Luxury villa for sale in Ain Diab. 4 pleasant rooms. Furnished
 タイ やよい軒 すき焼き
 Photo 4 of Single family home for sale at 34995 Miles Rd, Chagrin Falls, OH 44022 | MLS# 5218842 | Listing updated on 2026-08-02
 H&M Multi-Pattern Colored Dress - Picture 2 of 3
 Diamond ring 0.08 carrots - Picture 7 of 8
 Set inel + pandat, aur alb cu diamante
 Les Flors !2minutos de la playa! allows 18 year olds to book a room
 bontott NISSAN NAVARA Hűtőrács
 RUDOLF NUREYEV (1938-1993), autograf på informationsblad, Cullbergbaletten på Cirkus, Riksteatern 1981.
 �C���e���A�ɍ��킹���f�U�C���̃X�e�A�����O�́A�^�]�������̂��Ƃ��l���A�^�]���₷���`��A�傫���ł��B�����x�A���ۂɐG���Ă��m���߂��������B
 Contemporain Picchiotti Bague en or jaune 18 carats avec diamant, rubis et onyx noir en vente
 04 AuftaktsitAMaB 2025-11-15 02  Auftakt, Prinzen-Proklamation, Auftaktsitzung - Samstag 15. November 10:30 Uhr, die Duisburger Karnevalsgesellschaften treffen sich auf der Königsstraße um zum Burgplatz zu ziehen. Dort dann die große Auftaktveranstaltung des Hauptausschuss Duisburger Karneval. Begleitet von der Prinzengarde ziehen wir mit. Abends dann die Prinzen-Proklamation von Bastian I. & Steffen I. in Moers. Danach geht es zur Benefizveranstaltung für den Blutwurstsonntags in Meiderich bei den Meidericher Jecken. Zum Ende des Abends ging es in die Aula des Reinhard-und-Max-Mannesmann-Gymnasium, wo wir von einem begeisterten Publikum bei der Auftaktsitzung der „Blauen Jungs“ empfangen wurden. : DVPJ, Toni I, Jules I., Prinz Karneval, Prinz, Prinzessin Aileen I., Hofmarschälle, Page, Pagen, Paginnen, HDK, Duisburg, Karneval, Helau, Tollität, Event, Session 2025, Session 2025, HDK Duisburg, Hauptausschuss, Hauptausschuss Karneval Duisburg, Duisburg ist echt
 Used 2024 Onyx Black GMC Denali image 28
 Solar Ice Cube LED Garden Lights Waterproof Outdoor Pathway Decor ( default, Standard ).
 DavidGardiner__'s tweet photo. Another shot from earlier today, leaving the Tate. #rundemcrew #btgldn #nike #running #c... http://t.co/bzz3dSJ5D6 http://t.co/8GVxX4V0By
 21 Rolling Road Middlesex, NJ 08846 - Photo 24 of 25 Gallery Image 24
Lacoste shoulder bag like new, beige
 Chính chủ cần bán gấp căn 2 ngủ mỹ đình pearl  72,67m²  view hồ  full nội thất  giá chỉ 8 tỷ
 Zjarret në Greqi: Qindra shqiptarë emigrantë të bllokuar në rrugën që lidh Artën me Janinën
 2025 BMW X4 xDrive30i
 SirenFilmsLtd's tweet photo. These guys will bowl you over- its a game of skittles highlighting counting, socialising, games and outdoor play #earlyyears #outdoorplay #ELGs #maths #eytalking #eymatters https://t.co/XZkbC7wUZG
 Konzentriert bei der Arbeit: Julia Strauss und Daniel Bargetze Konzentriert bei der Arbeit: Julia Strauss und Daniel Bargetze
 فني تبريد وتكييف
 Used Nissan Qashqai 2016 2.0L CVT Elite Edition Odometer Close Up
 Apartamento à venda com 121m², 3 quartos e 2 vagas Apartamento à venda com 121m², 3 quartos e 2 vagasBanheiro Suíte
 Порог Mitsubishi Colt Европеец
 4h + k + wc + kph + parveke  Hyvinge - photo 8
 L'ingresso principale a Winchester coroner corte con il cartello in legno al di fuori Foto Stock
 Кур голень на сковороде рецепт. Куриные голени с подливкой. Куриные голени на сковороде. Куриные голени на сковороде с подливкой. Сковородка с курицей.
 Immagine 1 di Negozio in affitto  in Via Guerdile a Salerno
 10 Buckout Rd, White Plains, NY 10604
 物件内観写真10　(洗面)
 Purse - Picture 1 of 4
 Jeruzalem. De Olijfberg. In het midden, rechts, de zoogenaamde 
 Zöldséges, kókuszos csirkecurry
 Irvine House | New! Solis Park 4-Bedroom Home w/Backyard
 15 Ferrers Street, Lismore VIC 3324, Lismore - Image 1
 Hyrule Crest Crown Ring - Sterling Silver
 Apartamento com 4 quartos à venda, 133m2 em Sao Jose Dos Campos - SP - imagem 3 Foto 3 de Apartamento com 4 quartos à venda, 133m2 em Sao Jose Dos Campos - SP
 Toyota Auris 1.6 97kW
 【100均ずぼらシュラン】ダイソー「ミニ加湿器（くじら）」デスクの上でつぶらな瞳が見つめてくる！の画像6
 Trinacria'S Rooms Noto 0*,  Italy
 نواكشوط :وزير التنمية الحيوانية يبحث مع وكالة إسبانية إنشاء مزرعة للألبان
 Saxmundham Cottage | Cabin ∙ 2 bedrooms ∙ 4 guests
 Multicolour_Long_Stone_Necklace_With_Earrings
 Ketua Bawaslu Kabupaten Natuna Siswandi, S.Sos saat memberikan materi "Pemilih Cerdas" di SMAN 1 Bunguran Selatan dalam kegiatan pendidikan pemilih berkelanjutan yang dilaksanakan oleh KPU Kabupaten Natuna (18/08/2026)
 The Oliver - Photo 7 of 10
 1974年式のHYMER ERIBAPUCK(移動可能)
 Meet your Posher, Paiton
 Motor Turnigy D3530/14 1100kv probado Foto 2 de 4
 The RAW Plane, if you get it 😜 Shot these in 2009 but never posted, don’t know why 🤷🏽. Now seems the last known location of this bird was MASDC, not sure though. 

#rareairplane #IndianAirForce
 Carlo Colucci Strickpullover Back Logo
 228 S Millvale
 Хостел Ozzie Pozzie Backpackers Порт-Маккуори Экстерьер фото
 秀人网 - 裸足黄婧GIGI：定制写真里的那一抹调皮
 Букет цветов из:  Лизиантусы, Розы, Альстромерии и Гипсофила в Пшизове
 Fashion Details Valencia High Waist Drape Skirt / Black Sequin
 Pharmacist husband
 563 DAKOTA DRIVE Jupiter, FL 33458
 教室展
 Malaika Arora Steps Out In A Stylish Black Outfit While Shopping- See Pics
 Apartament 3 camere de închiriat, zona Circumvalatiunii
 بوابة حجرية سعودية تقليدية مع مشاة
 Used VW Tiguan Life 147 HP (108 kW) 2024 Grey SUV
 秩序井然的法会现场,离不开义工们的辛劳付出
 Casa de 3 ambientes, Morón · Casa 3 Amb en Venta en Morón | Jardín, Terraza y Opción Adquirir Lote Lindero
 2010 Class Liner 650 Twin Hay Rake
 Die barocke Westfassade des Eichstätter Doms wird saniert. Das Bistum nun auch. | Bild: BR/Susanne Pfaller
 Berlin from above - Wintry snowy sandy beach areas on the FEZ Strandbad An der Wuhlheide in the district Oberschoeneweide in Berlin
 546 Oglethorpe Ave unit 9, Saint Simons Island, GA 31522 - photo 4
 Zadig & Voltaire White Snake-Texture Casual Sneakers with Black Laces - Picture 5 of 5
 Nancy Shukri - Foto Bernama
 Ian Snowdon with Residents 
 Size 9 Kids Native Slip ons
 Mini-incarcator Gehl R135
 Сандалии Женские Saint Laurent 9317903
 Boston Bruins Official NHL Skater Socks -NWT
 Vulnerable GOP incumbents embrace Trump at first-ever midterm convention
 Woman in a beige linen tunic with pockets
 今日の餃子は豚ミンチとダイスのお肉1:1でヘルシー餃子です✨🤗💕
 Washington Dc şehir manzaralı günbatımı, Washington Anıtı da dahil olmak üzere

+ + + + + + +

§ **YOUR GOAL**:
What you give back should be only the lines of the records above, starting at the line with "Pharmacist husband" and ending at the line with "Die barocke Westfassade", restated word for word.

§ **EXERCISE ANSWER**:
 Pharmacist husband
 563 DAKOTA DRIVE Jupiter, FL 33458
 教室展
 Malaika Arora Steps Out In A Stylish Black Outfit While Shopping- See Pics
 Apartament 3 camere de închiriat, zona Circumvalatiunii
 بوابة حجرية سعودية تقليدية مع مشاة
 Used VW Tiguan Life 147 HP (108 kW) 2024 Grey SUV
 秩序井然的法会现场,离不开义工们的辛劳付出
 Casa de 3 ambientes, Morón · Casa 3 Amb en Venta en Morón | Jardín, Terraza y Opción Adquirir Lote Lindero
 2010 Class Liner 650 Twin Hay Rake
 Die barocke Westfassade des Eichstätter Doms wird saniert. Das Bistum nun auch. | Bild: BR/Susanne Pfaller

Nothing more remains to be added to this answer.